Condannata una maestra: tre anni per maltrattamenti sui bambini dell’infanzia

La sentenza riconosce un metodo educativo fondato su minacce, umiliazioni e violenze fisiche. Per il Tribunale, anche il clima ostile creato in classe integra il reato di maltrattamento

Aula scolastica

Aula scolastica

LECCE - Con la sentenza depositata lo scorso 15 settembre 2025, il Tribunale monocratico di Lecce ha condannato a tre anni di reclusione una maestra accusata di maltrattamenti nei confronti dei bambini affidati alla sua cura. I fatti, commessi in un istituto del territorio fino almeno al gennaio 2015, sono stati ritenuti pienamente configurabili come reato di maltrattamenti continuati.

Il giudice ricostruisce un quadro di metodi educativi basati su intimidazioni, violenze psicologiche e fisiche, scherni e minacce, in grado di generare un clima quotidiano di paura e sofferenza. I minori coinvolti, di età compresa tra 3 e 5 anni, avrebbero manifestato segnali evidenti di disagio: incubi, paure persistenti, rifiuto della scuola e persino episodi di minzione involontaria.

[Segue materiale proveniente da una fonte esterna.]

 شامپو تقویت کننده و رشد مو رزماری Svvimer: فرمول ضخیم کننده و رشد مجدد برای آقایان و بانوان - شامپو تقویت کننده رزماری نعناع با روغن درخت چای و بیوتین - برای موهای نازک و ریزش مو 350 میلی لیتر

Dalle immagini acquisite in aula emergono episodi ripetuti di tirate di capelli, sculacciate, spinte, imposizioni fisiche e continui insulti. Pur trattandosi di gesti singolarmente rapidi, la reiterazione costante ha determinato, secondo il Tribunale, un quadro di condotte abituali idonee a integrare il reato. Il giudice chiarisce che lo ius corrigendi non può mai tradursi in un uso sistematico della forza, che esula dall’abuso dei mezzi di correzione e rientra nel più grave ambito dei maltrattamenti.

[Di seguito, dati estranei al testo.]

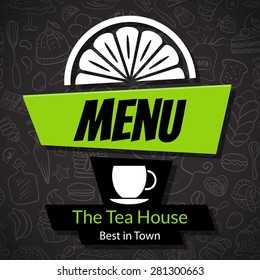 Modern Tea House or Cafe Menu Card Design template. Dark vector background with hand drawn pattern, cup and slice of lemon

La sentenza sottolinea inoltre che la valutazione non può basarsi sull’apparente “lieve entità” dei singoli episodi, perché ciò che rileva è l’impatto complessivo su bambini così piccoli, particolarmente vulnerabili e incapaci di difendersi. Anche urla e minacce, rivolte a minori in età prescolare, assumono natura di violenza psicologica.

Un passaggio centrale della decisione riguarda il riconoscimento del cosiddetto “maltrattamento ambientale”. Il Tribunale ritiene infatti che il danno non colpisca solo i bambini direttamente oggetto delle condotte aggressive, ma anche quelli costretti ad assistere alle scene, vivendo quotidianamente in un clima emotivamente nocivo e contrario alla funzione educativa della scuola.

In conclusione, il giudice ribadisce che il ruolo dell’insegnante è incompatibile con qualsiasi forma di violenza e che la continua reiterazione di comportamenti aggressivi, anche di breve durata, può costituire maltrattamento quando produce un ambiente scolastico permeato da paura, insicurezza e sofferenza nei minori.